Reproduce without change the lines in the material below that run from the one with "209 Bank Street" to the end, and nothing more.

--*--

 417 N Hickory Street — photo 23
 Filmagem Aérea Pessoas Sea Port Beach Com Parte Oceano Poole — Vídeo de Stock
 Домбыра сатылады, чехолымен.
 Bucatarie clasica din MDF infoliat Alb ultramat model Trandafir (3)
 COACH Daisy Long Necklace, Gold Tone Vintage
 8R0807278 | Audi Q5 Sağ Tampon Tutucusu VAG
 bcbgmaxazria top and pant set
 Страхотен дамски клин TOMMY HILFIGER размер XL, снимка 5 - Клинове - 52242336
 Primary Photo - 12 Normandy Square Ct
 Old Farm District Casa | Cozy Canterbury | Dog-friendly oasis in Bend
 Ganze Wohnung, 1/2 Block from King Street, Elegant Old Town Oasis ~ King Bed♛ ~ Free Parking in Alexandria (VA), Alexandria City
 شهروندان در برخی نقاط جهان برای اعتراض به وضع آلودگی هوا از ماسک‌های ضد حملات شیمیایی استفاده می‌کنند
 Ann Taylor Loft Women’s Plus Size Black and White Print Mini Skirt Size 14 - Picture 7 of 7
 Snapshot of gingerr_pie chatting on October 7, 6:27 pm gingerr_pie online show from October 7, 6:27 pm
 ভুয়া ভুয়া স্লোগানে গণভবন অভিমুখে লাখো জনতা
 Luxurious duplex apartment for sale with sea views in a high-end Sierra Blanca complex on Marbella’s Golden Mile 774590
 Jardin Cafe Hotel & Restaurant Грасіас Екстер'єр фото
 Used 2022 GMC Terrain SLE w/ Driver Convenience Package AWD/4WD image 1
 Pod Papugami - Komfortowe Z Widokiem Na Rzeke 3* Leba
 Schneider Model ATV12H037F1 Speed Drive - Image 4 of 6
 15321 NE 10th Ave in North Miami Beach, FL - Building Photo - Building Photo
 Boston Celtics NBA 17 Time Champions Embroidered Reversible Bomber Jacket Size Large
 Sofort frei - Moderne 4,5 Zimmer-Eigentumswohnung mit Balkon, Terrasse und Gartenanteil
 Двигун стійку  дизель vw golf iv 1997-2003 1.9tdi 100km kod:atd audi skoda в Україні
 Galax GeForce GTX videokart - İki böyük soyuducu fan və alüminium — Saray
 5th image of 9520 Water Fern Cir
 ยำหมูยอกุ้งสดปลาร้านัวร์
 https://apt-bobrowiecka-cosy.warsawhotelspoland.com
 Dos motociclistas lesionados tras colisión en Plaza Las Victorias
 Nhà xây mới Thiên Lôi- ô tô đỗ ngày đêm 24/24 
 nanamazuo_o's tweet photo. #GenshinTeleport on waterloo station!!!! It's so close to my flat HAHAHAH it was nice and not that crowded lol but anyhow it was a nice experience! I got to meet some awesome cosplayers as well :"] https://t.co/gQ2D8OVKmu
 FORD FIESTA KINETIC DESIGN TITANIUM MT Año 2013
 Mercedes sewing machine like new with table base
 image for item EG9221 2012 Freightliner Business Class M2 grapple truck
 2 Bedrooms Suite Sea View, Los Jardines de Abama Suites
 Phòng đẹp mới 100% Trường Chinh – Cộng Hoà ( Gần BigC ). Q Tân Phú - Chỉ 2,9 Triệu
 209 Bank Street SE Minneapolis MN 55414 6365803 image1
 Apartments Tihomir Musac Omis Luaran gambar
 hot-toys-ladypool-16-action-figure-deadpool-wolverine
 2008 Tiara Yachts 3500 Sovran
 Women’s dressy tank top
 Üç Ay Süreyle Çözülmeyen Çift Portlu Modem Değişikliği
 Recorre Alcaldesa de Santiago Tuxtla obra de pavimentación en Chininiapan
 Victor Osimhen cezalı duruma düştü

--*--

_Solution_
 209 Bank Street SE Minneapolis MN 55414 6365803 image1
 Apartments Tihomir Musac Omis Luaran gambar
 hot-toys-ladypool-16-action-figure-deadpool-wolverine
 2008 Tiara Yachts 3500 Sovran
 Women’s dressy tank top
 Üç Ay Süreyle Çözülmeyen Çift Portlu Modem Değişikliği
 Recorre Alcaldesa de Santiago Tuxtla obra de pavimentación en Chininiapan
 Victor Osimhen cezalı duruma düştü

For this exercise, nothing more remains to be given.